44.     Detailed written submissions were made on behalf of the applicants and the respondent.  These were explained and supplemented by oral submissions.

45.     By clause 2 of the Deed of Settlement (“Trust Deed”) the Trustee stood possessed of the Trust Fund as defined and income thereof upon the trusts and subject to the powers and provisions expressed in the Trust Deed.

46.     Clause 3 of the Trust Deed provides for the Trustee to determine the net income of the Trust Fund for each accounting period and may, in its complete discretion, at any time prior to the expiration of each accounting period until the Vesting Day, determine in respect of all or part of the net income for such accounting period to do all or any of the following:

(a)to pay, apply or set aside the net income for any one or more of the General Beneficiaries living or in existence at the time of the Trustee’s determination;

(b)to accumulate the net income; or

(c)to pay, apply or set aside for such charitable purposes as the Trustee may think fit.

47.     We understand, as a question of law, that where a Trustee exercising its discretion decides to distribute the net income of the trust, the Trustee must ensure that a proposed appointee is within the range of beneficiaries (in this case general beneficiaries as defined), that the quantum of the distribution is appropriate and takes into account the interests, including needs, of all beneficiaries.

48.     In McPhail v Doulton [1971] AC 424 at 449 Lord Wilberforce expressed the law as follows:

“Any Trustee would surely make it his duty to know what is the permissible area of selection and then consider responsibly, in individual cases, whether a contemplated beneficiary was within the power and whether, in relation to other possible claimants, the particular grant was appropriate.”

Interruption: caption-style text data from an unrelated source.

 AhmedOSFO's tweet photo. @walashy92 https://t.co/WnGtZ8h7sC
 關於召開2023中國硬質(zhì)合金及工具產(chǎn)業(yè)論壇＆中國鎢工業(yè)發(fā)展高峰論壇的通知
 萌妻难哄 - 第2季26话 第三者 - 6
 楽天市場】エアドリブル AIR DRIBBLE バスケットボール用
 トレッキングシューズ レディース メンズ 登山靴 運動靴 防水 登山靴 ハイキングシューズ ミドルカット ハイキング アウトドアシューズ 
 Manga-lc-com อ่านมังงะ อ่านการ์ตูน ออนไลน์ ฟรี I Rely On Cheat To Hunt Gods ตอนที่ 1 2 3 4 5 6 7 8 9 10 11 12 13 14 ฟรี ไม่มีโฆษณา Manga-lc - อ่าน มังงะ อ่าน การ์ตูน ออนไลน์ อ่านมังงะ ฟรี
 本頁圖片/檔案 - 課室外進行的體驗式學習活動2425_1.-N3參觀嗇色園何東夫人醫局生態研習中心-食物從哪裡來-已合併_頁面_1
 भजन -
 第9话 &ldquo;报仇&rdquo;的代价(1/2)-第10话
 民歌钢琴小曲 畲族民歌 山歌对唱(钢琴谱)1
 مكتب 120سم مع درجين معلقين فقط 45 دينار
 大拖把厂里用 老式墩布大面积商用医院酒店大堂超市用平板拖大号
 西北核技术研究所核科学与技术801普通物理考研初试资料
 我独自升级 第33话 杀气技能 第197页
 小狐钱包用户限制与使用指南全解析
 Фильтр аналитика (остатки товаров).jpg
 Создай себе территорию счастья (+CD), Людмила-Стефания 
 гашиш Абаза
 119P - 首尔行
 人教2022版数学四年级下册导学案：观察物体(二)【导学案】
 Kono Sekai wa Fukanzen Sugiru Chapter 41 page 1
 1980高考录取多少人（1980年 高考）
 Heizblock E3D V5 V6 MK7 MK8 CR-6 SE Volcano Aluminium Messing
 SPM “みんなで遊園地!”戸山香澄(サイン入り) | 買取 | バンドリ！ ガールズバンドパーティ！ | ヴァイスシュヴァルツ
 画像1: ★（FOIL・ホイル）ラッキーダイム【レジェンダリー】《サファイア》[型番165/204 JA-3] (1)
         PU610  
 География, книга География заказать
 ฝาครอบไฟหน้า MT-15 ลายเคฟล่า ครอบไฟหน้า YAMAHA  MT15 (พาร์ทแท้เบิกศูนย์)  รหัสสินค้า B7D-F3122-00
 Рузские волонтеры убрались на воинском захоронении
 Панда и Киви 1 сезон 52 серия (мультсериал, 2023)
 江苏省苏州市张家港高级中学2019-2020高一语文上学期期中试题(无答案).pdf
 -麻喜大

49.     In this case the Trustee clearly failed Lord Wilberforce’s test.  Northbourne was clearly not a general beneficiary and therefore it was not within the Trustee’s power to appoint income to it.  We have come to that conclusion because we are satisfied that Northbourne was not an entity contemplated by the definition of “general beneficiary”

50.     That definition reads as follows:

“1(b)    The ‘General Beneficiaries’ means:

(i)the Specified Beneficiary and the Specified Beneficiaries;

(ii)the brothers and sisters, spouses, children and grandchildren of the Specified Beneficiary or Specified Beneficiaries and the spouses children and grandchildren of such brothers and sisters, spouse, children and grandchildren; and

(iii)any of the following entities whether formed in Australia or elsewhere which the Trustees may from time to time in writing nominate as a General Beneficiary (subject to Clause 10 hereof) namely:

Athe Trustees (in their Capacity as such) of any trust or settlement (called an eligible Trust) under which any General Beneficiary hereinbefore referred to is a beneficiary whether present or contingent;

Bany corporation (called an eligible corporation) at least one share in which is owned by any General Beneficiary hereinbefore referred to or by the Trustees of an eligible Trust;

Cany other legal entity at least one share or other interest (whether present or contingent) in which is owned or held by any General Beneficiary hereinbefore referred to or by the Trustee of an eligible Trust or by any eligible corporation;

(iv)such additional persons corporations and Trusts (if any) as are named and described or defined in the Schedule as additions to the class of General beneficiaries;

PROVIDED HOWEVER that:

(1)       Any person from time to time being the Settlor the Guardian the Appointor or the Trustee or Trustees hereof or any other person or corporation settling property on the Trusts of the Settlement (herein called “an excluded person”) and also

(2)       Any corporation in which and the Trustees of any Trust in or under which and any other legal entity in which any excluded person has any actual or contingent beneficial interest so long as such interest continues are excluded from the class of general beneficiaries –

Aunless specifically included in the Schedule as a Specified Beneficiary; or

Bfor all purposes except as an Additional Income Beneficiary if specifically included as such in the Schedule;

PROVIDED FURTHER that the Trustees at any time and from time to time may declare in writing (subject to Clause 10 hereof and not otherwise) that any person who would otherwise be a General Beneficiary under paragraphs (i), (ii), (iii) or (iv) of this sub clause (b) shall be excluded from the class of General Beneficiaries and shall as from the date of making each declaration be modified accordingly but so that this power shall not be capable of being exercised so as to derogate from any interest to which such General Beneficiary has previously become indefeasibly entitled whether in possession or reversion or otherwise;”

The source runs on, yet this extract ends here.